Com o aquecimento global, a tendência é que os impactos no sono também aumentem. Estima-se que para o final do século, as pessoas perderão 50 horas por ano se as emissões de carbono continuarem no ritmo atual.
“Os humanos são notavelmente adaptáveis, mas existem limites físicos reais para a adaptação que precisamos considerar”, ressalta Minor. Dormir com temperaturas elevadas, segundo mostra sua análise, pode ser um deles.
Solução problemática
Este assunto não pode ser ignorado, diz José Guillermo Cedeno Laurent, pesquisador de saúde ambiental na Universidade de Harvard, nos Estados Unidos. Ele e outros colegas realizaram um experimento no Harvard College durante uma onda de calor de 2016.
Os estudantes que dormiram em quartos mais novos com ar condicionado, no dia seguinte, obtiveram melhores resultados nos testes cognitivos do que aqueles que moravam em prédios mais antigos “construídos para outro clima”, aponta Cedeno Laurent.
“Mesmo pessoas jovens e saudáveis são afetadas de uma maneira que realmente importa para elas: em como elas raciocinam”, diz.
O estudo de Laurent aponta para uma possível solução para os déficits de sono induzidos pelo clima: obter mais ar condicionado nas residências em todo o mundo. Porém, esse é um enorme desafio econômico e ambiental.
Ar condicionado custa muita energia e, portanto, dinheiro. Um estudo recente mostra que as famílias de baixa renda dos EUA só ligam seus sistemas de refrigeração quando as temperaturas ficam entre 13 e 15°C mais quentes.
E o ar condicionado aquece o ambiente externo tanto globalmente, porque a maior parte da eletricidade vem da queima de combustíveis fósseis, quanto localmente, porque o excesso de calor sugado dos quartos é despejado no ar externo.
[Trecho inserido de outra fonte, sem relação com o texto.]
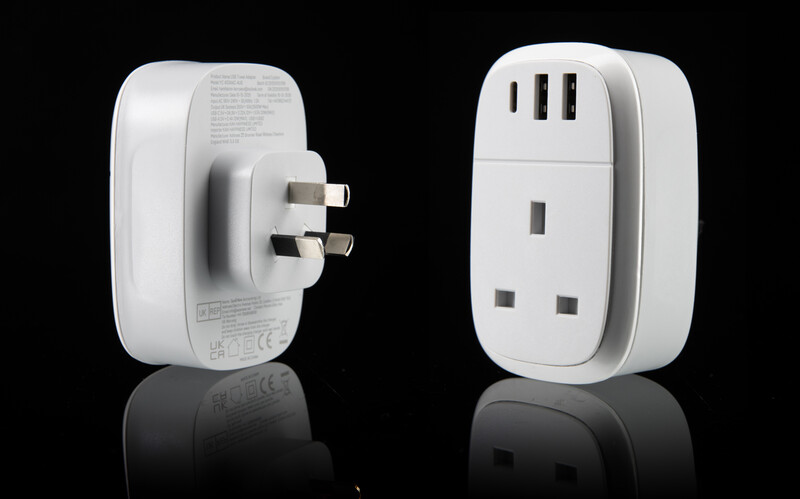 Two white travel power adapters shown from front and back angles against black background with reflections.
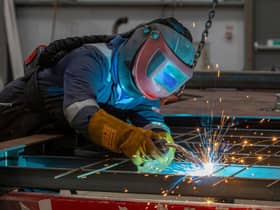 Small firms are facing a raft of financial pressures that will be compounded by tax increases next month. Picture: AFP via Getty Images.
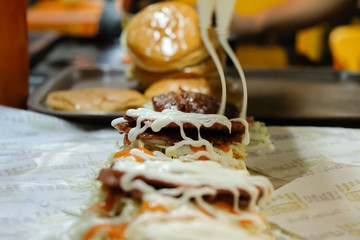 Cooking beef and chicken burgers on grill by night - Street food concept with mobile barbecue station open air in Sabah, Malaysia.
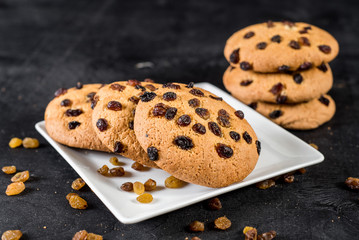Cookies with raisins on black background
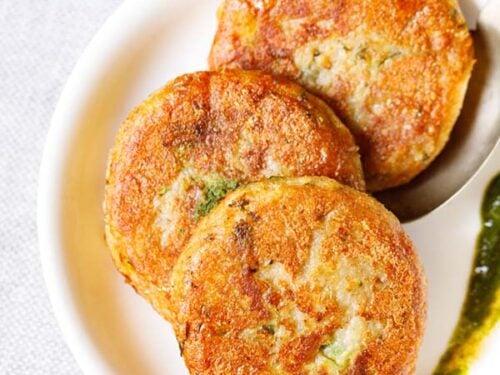 three aloo tikki kept vertically on a white plate with a spoon and a splash of coriander chutney on the plate.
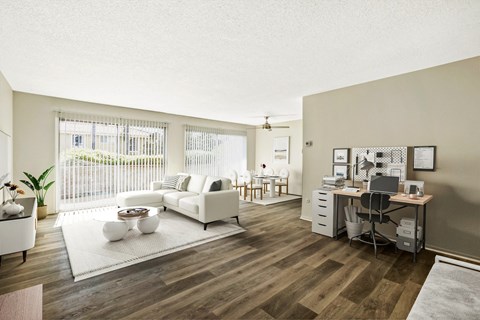 A living room with a white couch and a wooden floor.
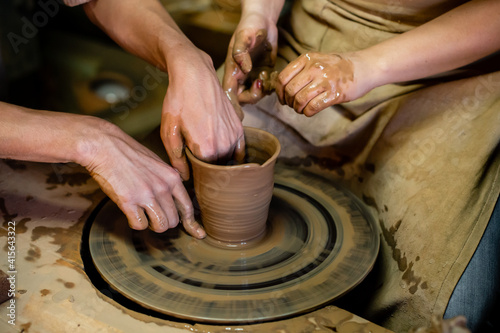 Pottery classes, student making clay pot on wheel. Close-up of dirty hands, sculpting clay crockery pottery training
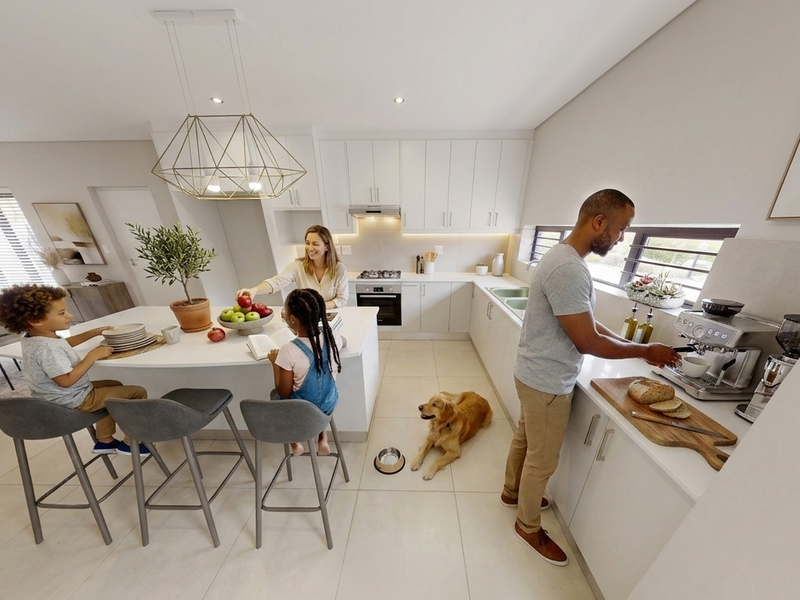 Modern open-plan kitchen featuring a central island, sleek white cabinetry, integrated appliances, and high-quality tiled flooring, creating a bright and functional living space.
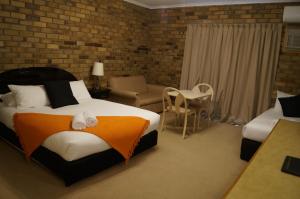 Magdala Motor Lodge & Lakeside Restaurant客房内的一张或多张床位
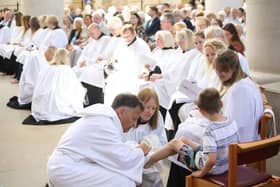 Bishop Jonathan Frost washes the feet of five-year-old Lucas Ashworth
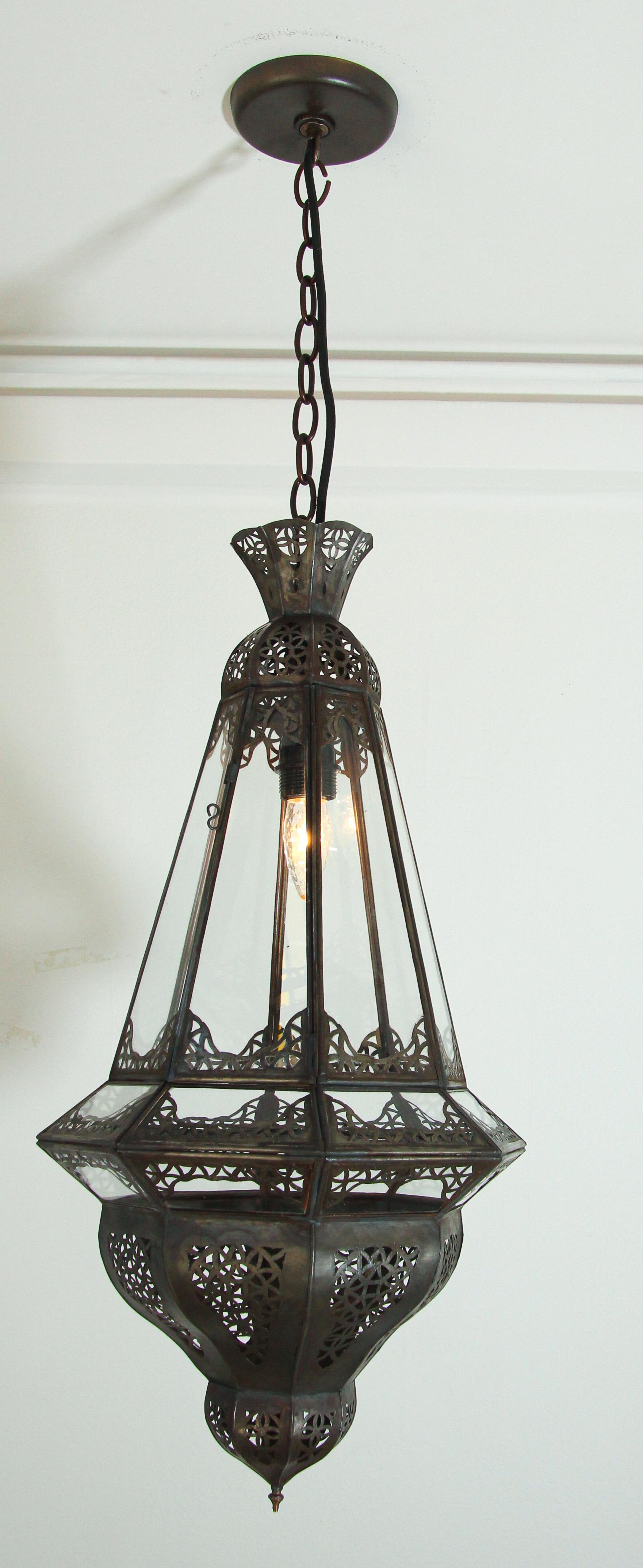 Moroccan lantern in diamond shape with clear glass and metal.
This Moorish light fixture is handcrafted by artisans in Morocco
The metal is delicately hand-cut in filigree Moorish designs, brass finial.
The vintage Moroccan Harem lantern is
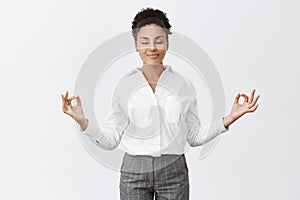 Stress free, only peace inside. Charming relaxed and carefree female in bossy outfit, raising hands in zen gesture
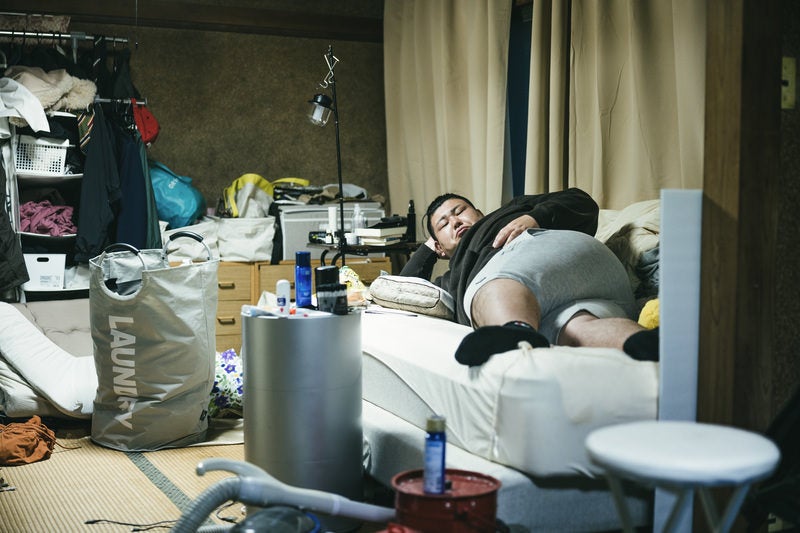 散らかった部屋で肘枕をして寝転がるデブ男性の写真
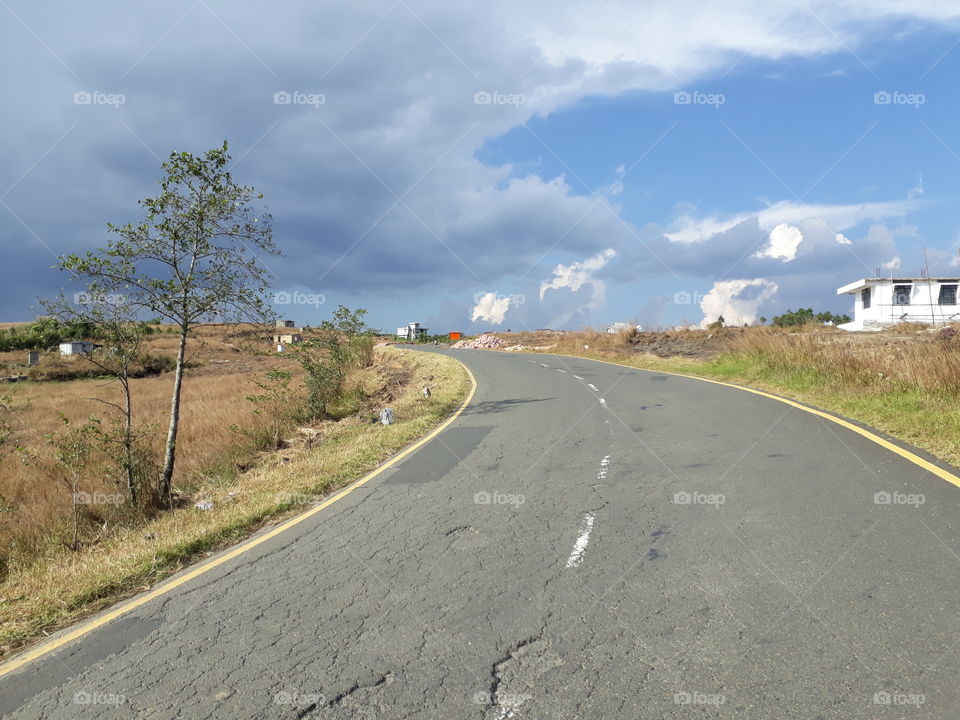 road. indian road. assam road. shillong road. meghalaya road. nature. sun. sky. tarvel. tree. green tree. highway. lindin highway. north east highway. traveling system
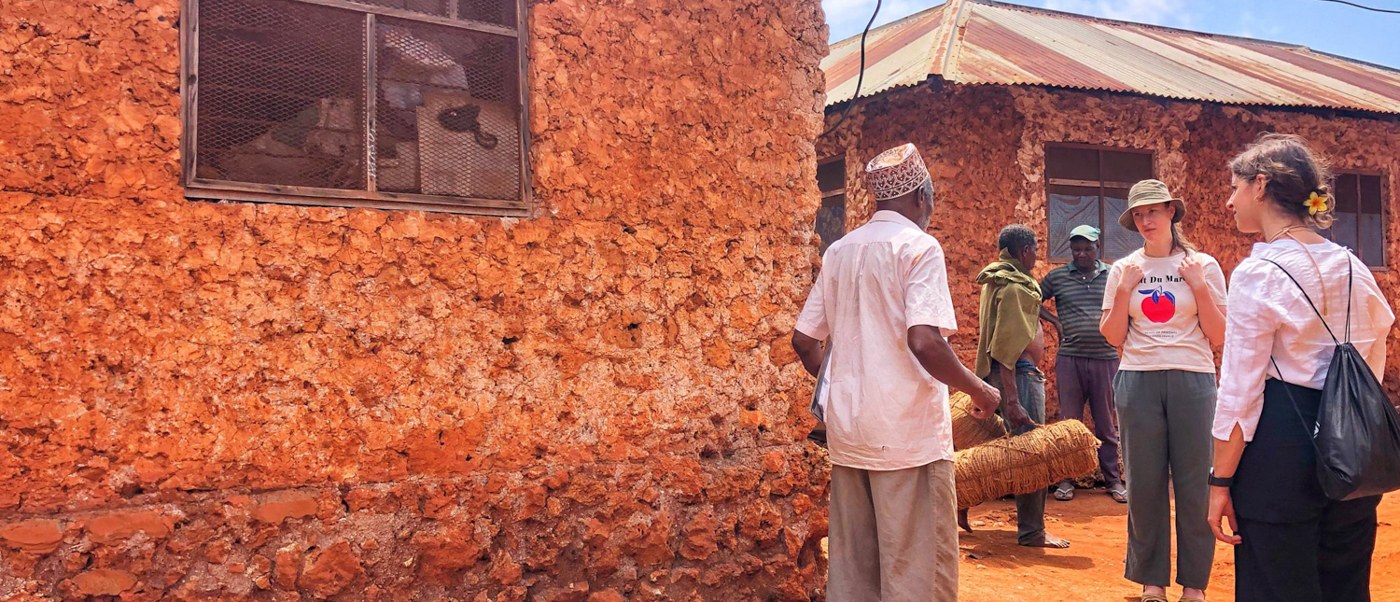 A guide and two volunteers stand beside the coral rag wall of a village house.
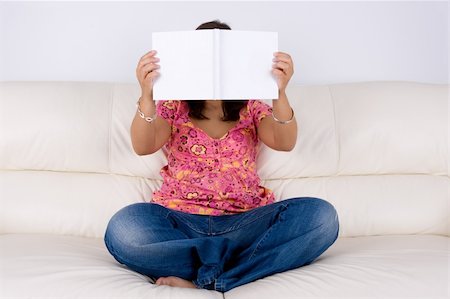 young woman sitting in the sofa reading white book Stockbilder - Microstock & Abonnement, Bildnummer: 400-05115986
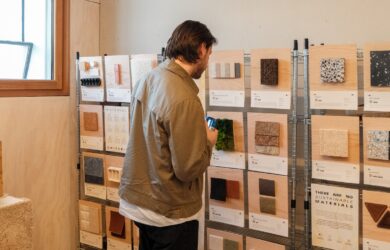 Visitor examining material samples mounted on timber boards while holding a drink.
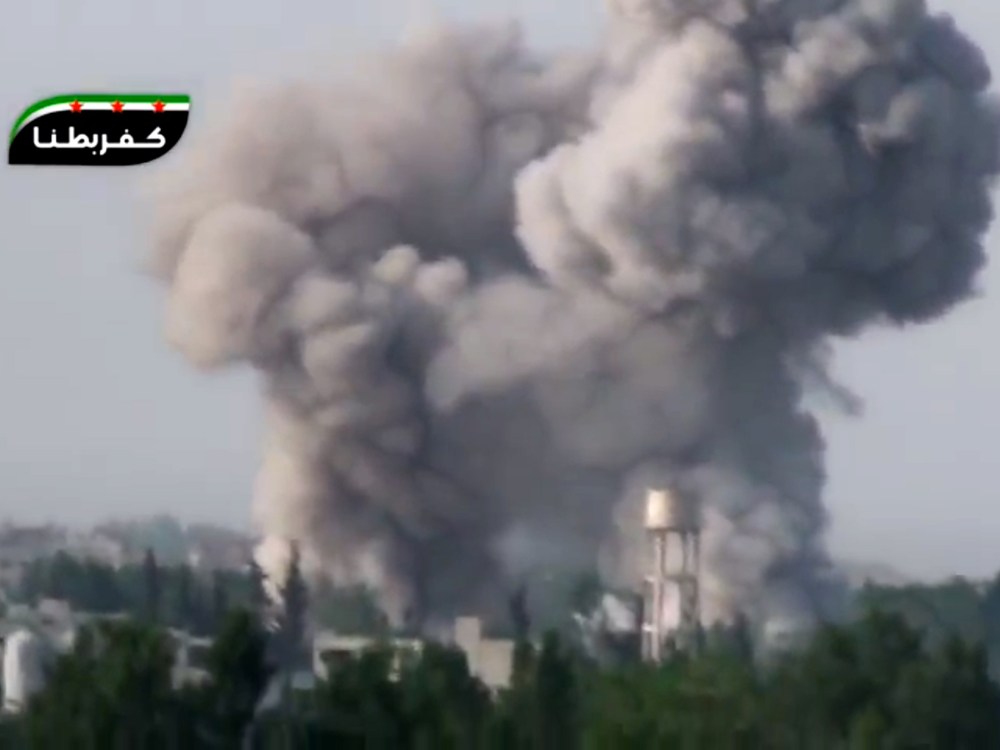 In this image taken from video obtained from the Ugarit News, which has been authenticated based on its contents and other AP reporting, smoke billows from a government airstrike on the Ghouda area of Damascus, Syria, Friday, May 3, 2013. Syria's main...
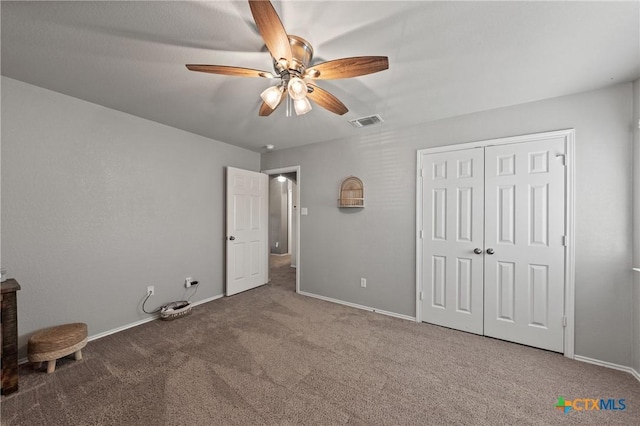 unfurnished bedroom featuring visible vents, baseboards, a ceiling fan, carpet, and a closet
Para Cedeno Laurent, foram claramente estabelecidas as implicações que a perda de sono tem na saúde, tanto física quanto mental, portanto é inconcebível ignorar questões que podem agravá-las. Ao entendermos a relação entre clima e sono, torna-se impossível ignorar a responsabilidade social na causa do problema, bem como seus impactos, aponta o pesquisador.
“Claramente, a melhor solução é acabar com as mudanças climáticas", diz Laurent. "Neste momento, isto é basicamente um assunto de direitos humanos.”